As the center pirate vessel bumped against our hull, they let loose a long burst from the big machine gun, but it didn't seem to be aimed at anything in particular. Certainly, none of us laying flat on the ship's deck high above were in any danger; they couldn't even see us from down there.

At the second bump, I rose to my feet. My job was to use my .45 to deal with the gun crew and, if time and ammunition permitted, deal with the crew conning the vessel. I got a good sight picture right off the bat and began firing. The surprise on the boat down below was total. The big freighter was a steady platform, and the range was negligible. Both of the men at the makeshift gun mount went down quickly, and lay twitching.

"NOW!" I roared at my two "throwers." Danielle and Megan were already on their feet and ready to toss fire bombs down on the wooden decks of the pirate boat below us. At my signal, they stepped forward, holding the "cocktails" out to the side for the wicks to be lit by those designated for that duty.

I shifted my fire to the deckhouse and kept sending rounds down range. In a couple of seconds, the glass front of the deckhouse was starred and pitted with bullet holes. My last few rounds were fired into the mass of pirates on the deck, some of whom were recovering from the shock of our attack and beginning to raise their rifles.

Danielle and Megan threw their Molotov cocktails down, hard. Danielle's impacted on top of the M-2 and Megan's on the front of the deckhouse. The bottles shattered, spraying flaming napalm all around. After their throws, both of the women and I dropped to the deck and rolled quickly away from the edge of the deck until we were against the bulkhead to escape any return fire. I had long enough to see liquid flames spreading over the foredeck and deckhouse before I dove for cover.

We crawled forward about ten yards and, still concealed, we set ourselves up for another attack. The other fire bomb team working with us in the waist of the freighter had thrown their "cocktails" and then crawled even farther toward the bow.

I ejected my empty magazine and slapped in another one. I only had two spare mags. The florid British guy took the magazine I handed to him and began frantically stuffing ammunition from a box of cartridges into the magazine.

When I'd fired, it was a signal for the other people issued pistols from the ship's armory to also open fire. The other two assault groups—that's what we'd decided to call our mixed crew/passenger bomb throwers—had begun tossing Molotov cocktails down on the boats fore and aft of the center craft too. We could hear screams and shouts, along with a few gunshots, from those locations. The surprise had been almost total. The pirates hadn't even considered we'd actually fight back.

When Danielle, Megan, and I bobbed up again, I rose already in a shooter's stance and ready to open fire immediately.

"NOW!" I yelled. At the same time, I triggered off four rounds at the pirates who appeared to be most on the ball and able to shoot back at me or the two women. My job was to distract them this time, even if I didn't get any hits and I set to that job with a vengeance.

Megan and Danielle threw their bombs down on the little vessel and the glass bottle grenades exploded into sheets of flame and smoke. We dodged back to the bulkhead and moved toward the stern, passing where we'd initially been and going aft another fifteen yards or so.

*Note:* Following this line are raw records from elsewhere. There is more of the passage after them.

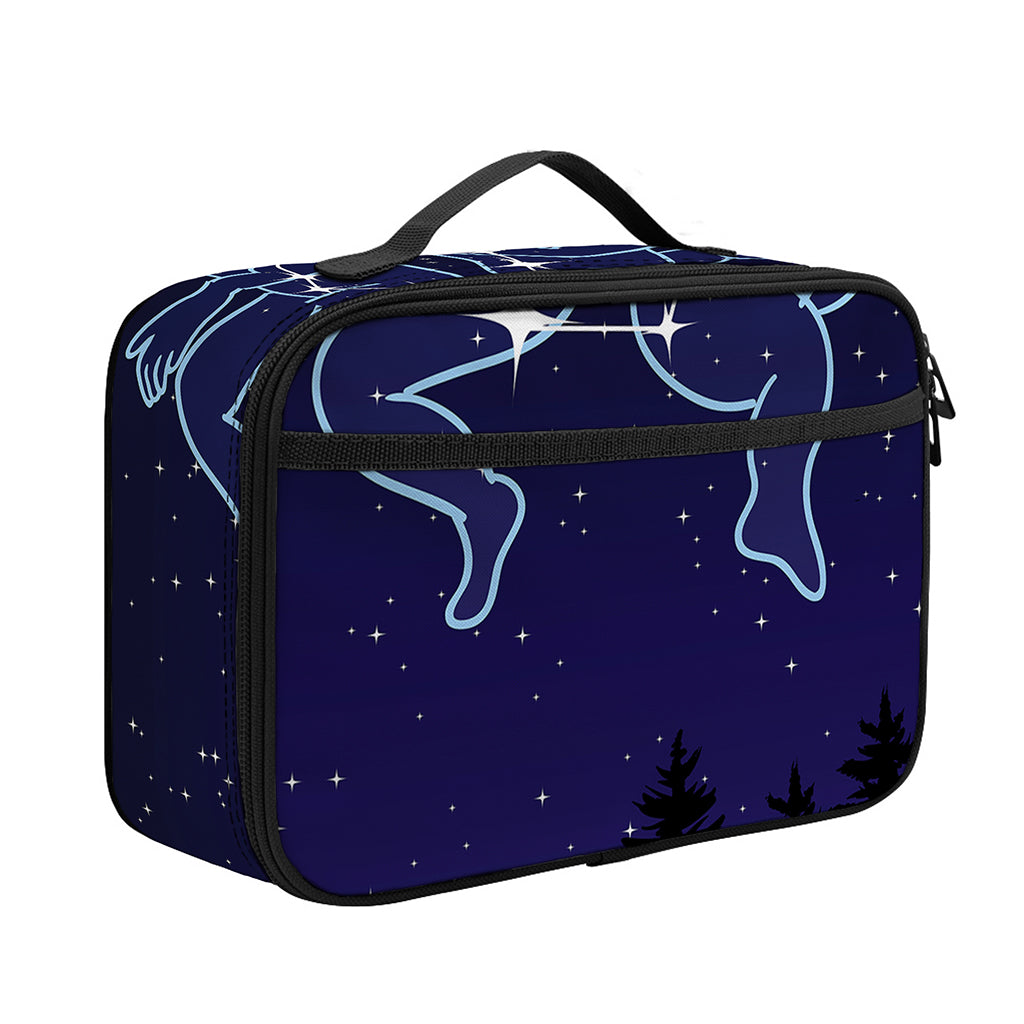 Gemini Constellation Print Portable Lunch Bag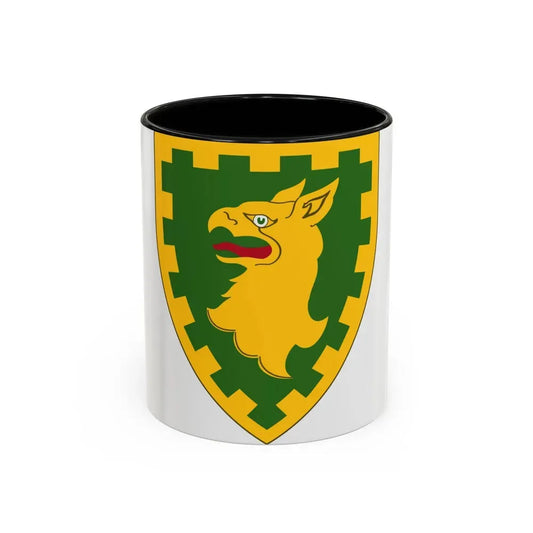 15th Military Police Brigade (U.S. Army) Accent Coffee Mug 11oz Black - Go Mug Yourself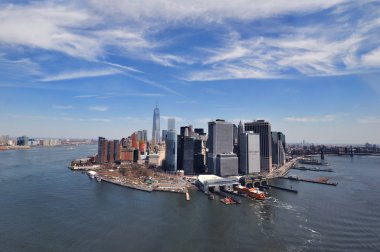 New York, Ny, ABD: Şehir merkezindeki Manhattan New York havadan görünümü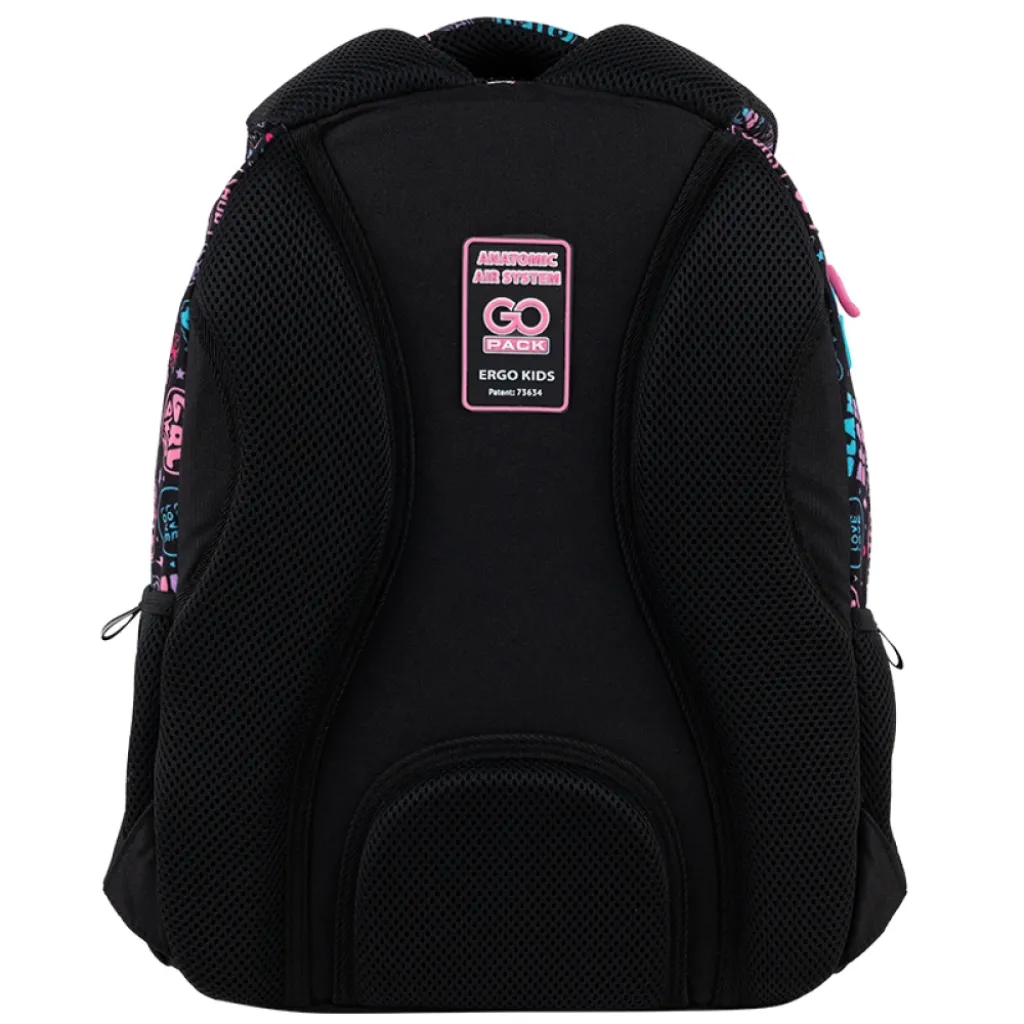 Ортопедический рюкзак школьный GoPack Education Girl Power GO25-175M-1, черный Ортопедический рюкзак школьный GoPack Education Girl Power GO25-175M-1, черный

We repeated what we'd done twice already. After that third attack, the little pirate ship was aflame from bow to stern.

Danielle made a mistake on her last throw. She'd almost lost one of her heat-resistant gloves and after yanking it back up her wrist and forearm, she remained standing after she'd thrown her flaming bottle, watching to see its effect.

"DANIELLE!" I bellowed, already moving. She was moving too slowly for my taste; I tackled her and drove her down to the deck, out of the line of fire. Rattled or not, and probably already in the process of dying, there were still men with weapons down there. Grabbing Danielle in my arms, I rolled hard toward the bulkhead and we both slammed into it as sporadic gunfire erupted anew from down below. I wound up atop her as we tumbled.